In the development of new products, from the design concept stage through to the development of the detailed design all involve a progressive assessment and culling of a large number of material choices (Mouritz, 2012). The process of material selection during these stages is not always the same for all products. For product and structures whose performances are not solely based on physical scientific parameters, but on aesthetic, tactile, sensual and cultural factors, such products like clothes, building interiors, pens, mug etc. which are mainly designed by members of the arts community, don’t follow the typical engineering process of material selection (Laughlin & Howes, 2014).

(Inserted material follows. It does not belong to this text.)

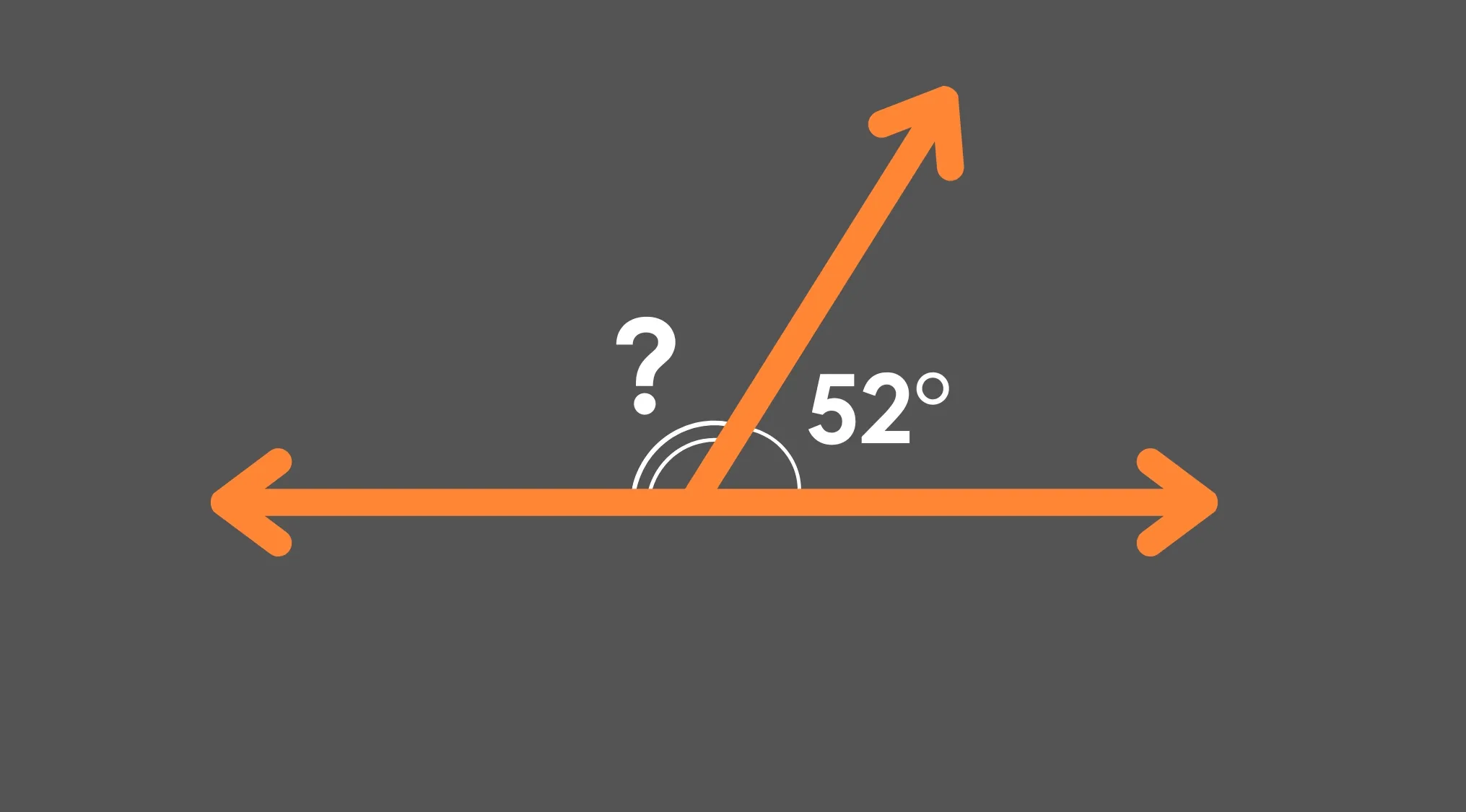 Orange arrows form a straight line with one angle marked 52 degrees and the adjacent angle unknown for basic math skills test.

However, the process of selecting materials for the design of mechanical components and systems involves a three main process stage which starts with; material translation which deals with the examination of the functions and objectives of material for the design, material screening, which is about the elimination of materials whose properties do not meet the design constraints and finally material ranking, which involves the actual selection of the materials that surpass the design constraint limits.

Materials selection which pays a significant role in the engineering design process is one of the most critical tasks for product designers. Designers are expected to identify material(s) with specific functionalities and properties for their design concepts (Chatterjee & Chakraborty, 2012). There are several engineering materials with diverse properties available to the designers, to satisfy and meet specific design constraint limits. With a large number of materials available and their diverse properties as well as the interrelationship, interconnectivity, and interaction between the selections criteria, the material selection process can be regarded as a complex, challenging and a time-consuming process. It is referred to as multi-criteria decision making (MCDM) problem since multiple criteria are considered when trying to deal with or meet with the design constraints. Design constraints which are required conditions in engineering design, need to be dealt with for the design project to be successful, also they help in forcing the designers to evaluate and narrow their material choice to the best material alternative.

Although, there are several articles that have employed MCDM methods for the selection of design material in literature. Some of which includes; Gul et al. (2017), who presents a fuzzy logic based PROMETHEE (Preference Ranking Organization Method for Enrichment Evaluation) method for the selection of materials used in the design of automotive instrument panel. Girubha & Vinodh, (2012), employed the VIKOR method as MCDM tool to determine the most appropriate material for the instrument used in the design of electric panels. Chatterjee & Chakraborty, (2012) present a four-preference ranking based MCDM methods for resolving material selection problem. Rahman, et al., (2012) proposed a knowledge-based decision support system for selecting material for the design of a building roof. The decision support system utilized a TOPSIS-based method to facilitate the selection process. Liu, et al., (2013) developed a methodology that employs MCDM method with interval 2-tuple linguistic information which uses subjective and objective weights in solving material selection problem in a two-case study in the automotive industry.

Anajkumar, et al., (2014) uses four (4) different MCDM methods (i.e. the fuzzy analytic hierarchy process (FAHP) and technique for Order of Preference by Similarity to Ideal Solution (TOPSIS), FAHP and VIKOR method, FAHP and ELECTRE method and finally, FAHP and PROMTHEE method) for the selection of materials used in pipes design in the sugar industry, by taking into account different alternatives and evaluation criteria. Liu, et al., (2014) integrated decision-making trial and evaluation laboratory (DEMATEL) based analytic network process (ANP) and VIKOR method for resolving bush material selection problem which consists of many interdependent criteria.